#### DATA SHOWN:
-=-=-

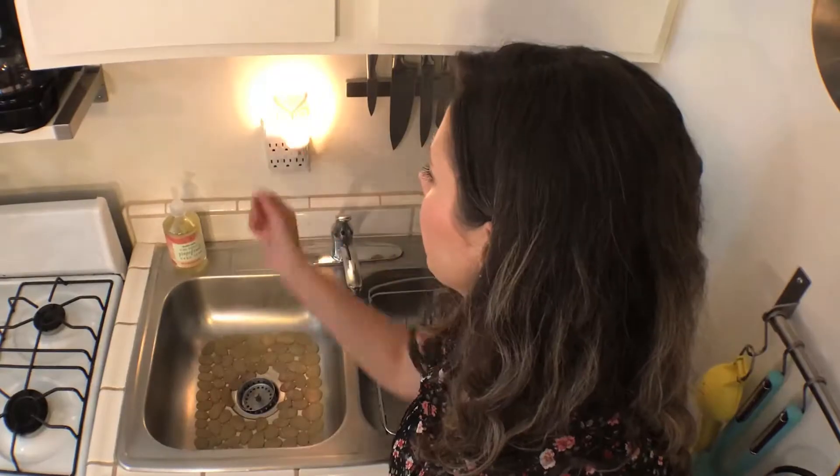This particular space only has one overhead light, so if you're doing the dishes or cooking you can't see anything. So what I did was put this little light here — now they can see what they're doing when they're doing dishes.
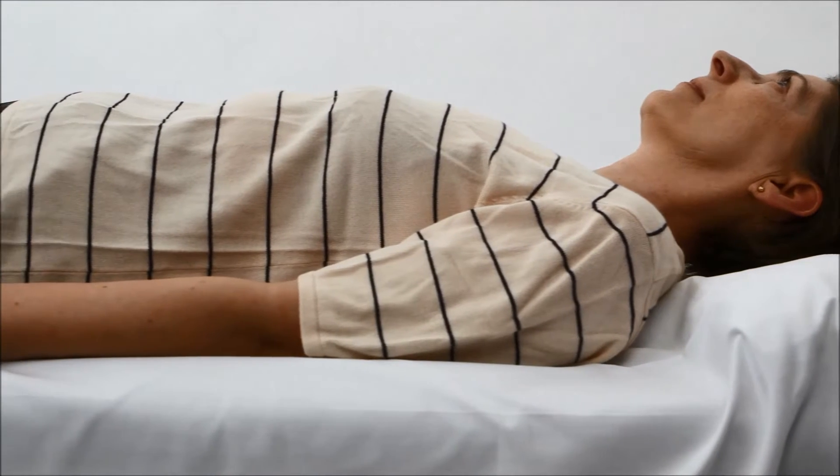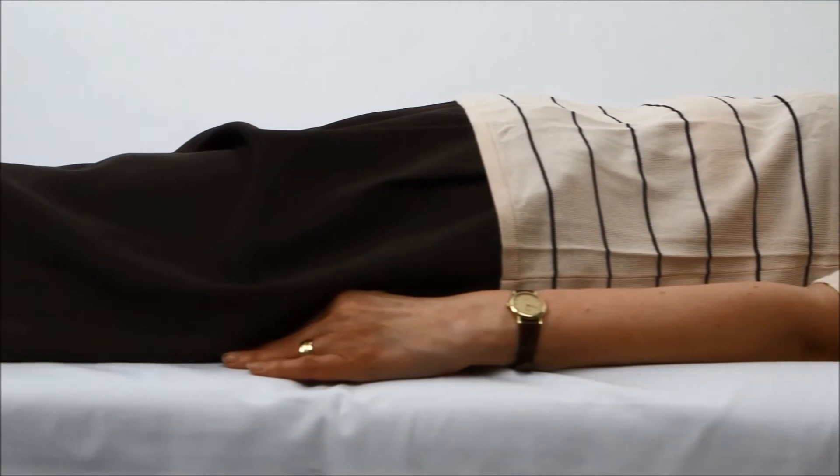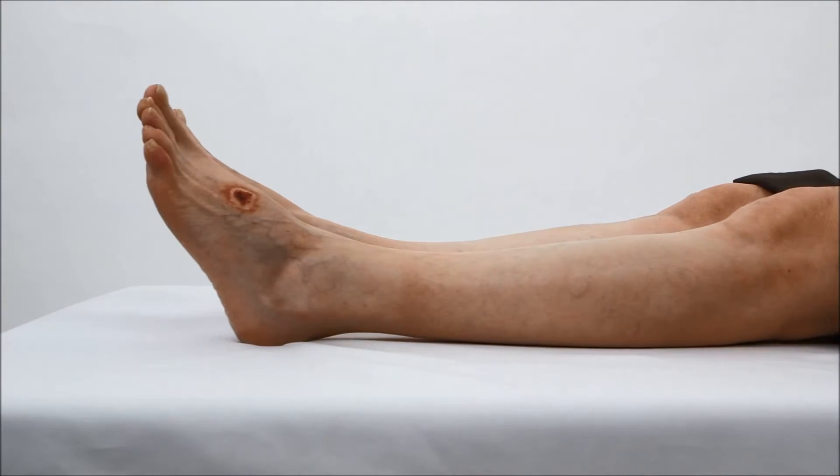For optimal results, TCP-02 measurements should be made with the patient at rest in a supine position. The patient should not speak during the examination. Keep the patient and extremity warm.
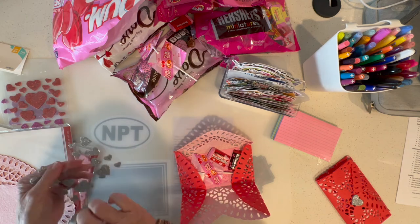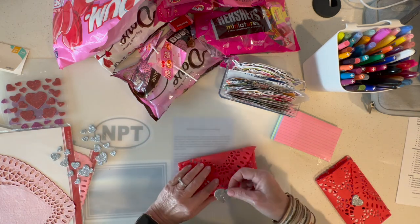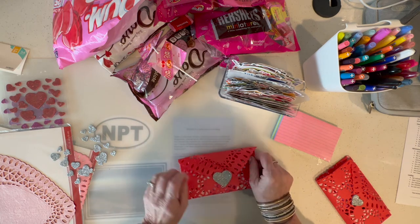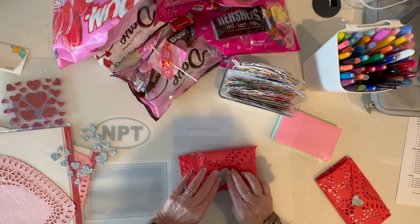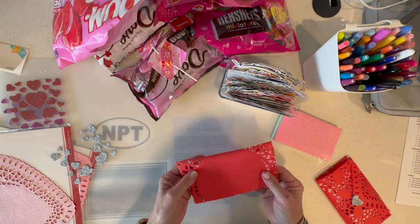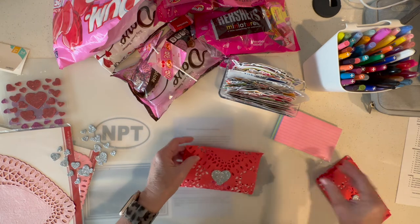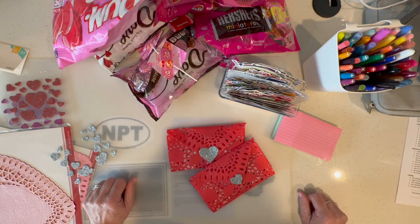Then you just fold the little top down and put a sticker on it. Easy peasy. The sticker is what's actually going to hold your little envelope closed. I got that on there a little crooked, but that's what holds your envelope closed. And then I'll write the names on the back, which I've already done on that one just to show you. But how cute are those?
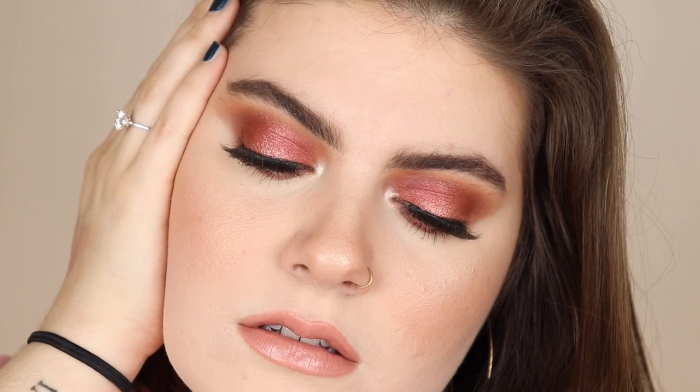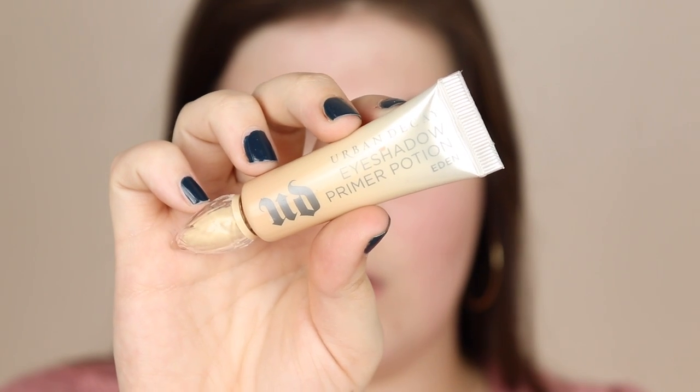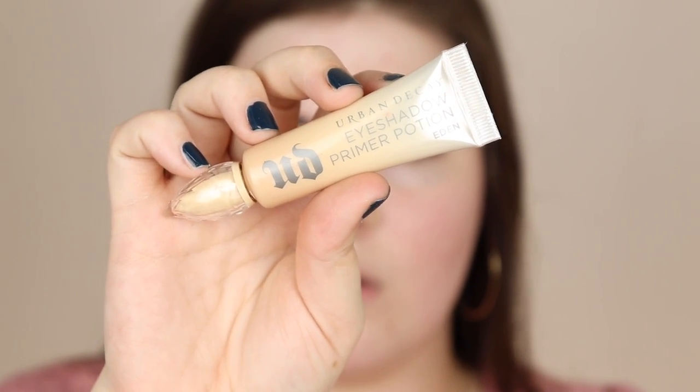Hey guys, welcome back to my channel! Thank you so much for clicking on this video. In today's video we're gonna be creating this look — I did it a while back and got so many requests to do this video. If you guys want to see how I created this look, just go ahead and keep watching.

-=-=-

#### ASSIGNED TASK:
Reproduce, unchanged, each line between the one with "Then you just" and the last line of the material, both included; the pictures do not go in.

#### SOLUTION TO THIS PROBLEM:
Then you just fold the little top down and put a sticker on it. Easy peasy. The sticker is what's actually going to hold your little envelope closed. I got that on there a little crooked, but that's what holds your envelope closed. And then I'll write the names on the back, which I've already done on that one just to show you. But how cute are those?
Hey guys, welcome back to my channel! Thank you so much for clicking on this video. In today's video we're gonna be creating this look — I did it a while back and got so many requests to do this video. If you guys want to see how I created this look, just go ahead and keep watching.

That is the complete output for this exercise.